Wherever a picture appears, skip it and retype the rest of the data exactly.

Dataset section:
========

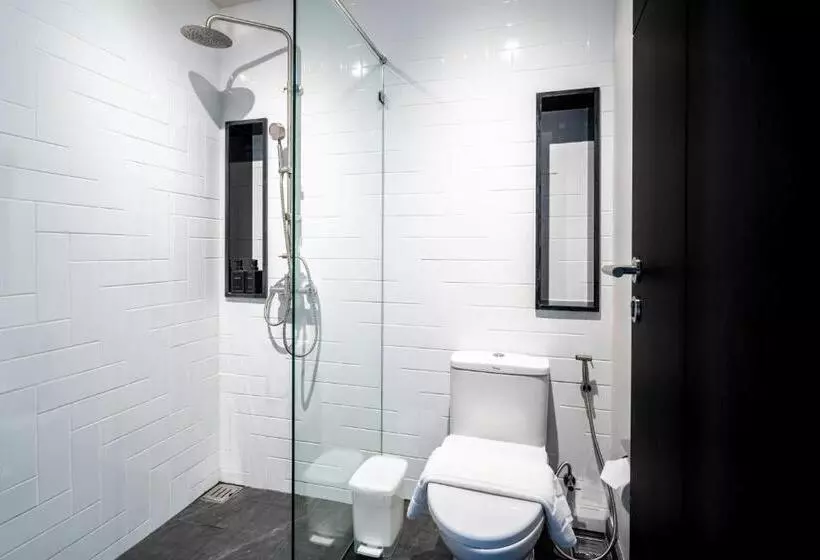 Newly Opened   Blu Monkey Hub And Hotel Krabi Town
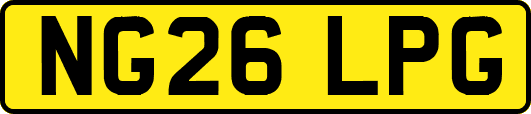 NG26LPG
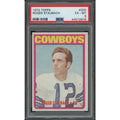 Roger Staubach 1972 Topps Rookie Card #200 | PSA 6 EX-MT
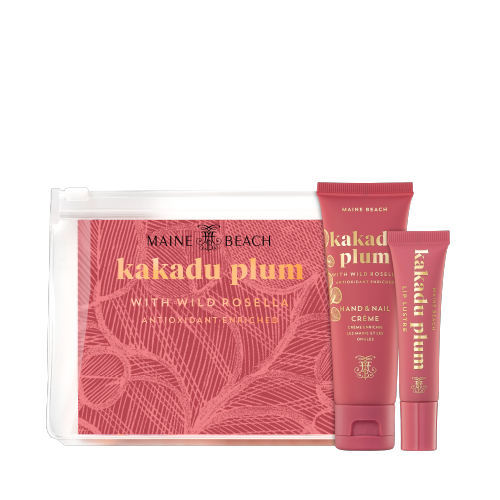 KAKADU PLUM ESSENTIALS PACK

========

Task response:
 Newly Opened   Blu Monkey Hub And Hotel Krabi Town
 NG26LPG
 Roger Staubach 1972 Topps Rookie Card #200 | PSA 6 EX-MT
 KAKADU PLUM ESSENTIALS PACK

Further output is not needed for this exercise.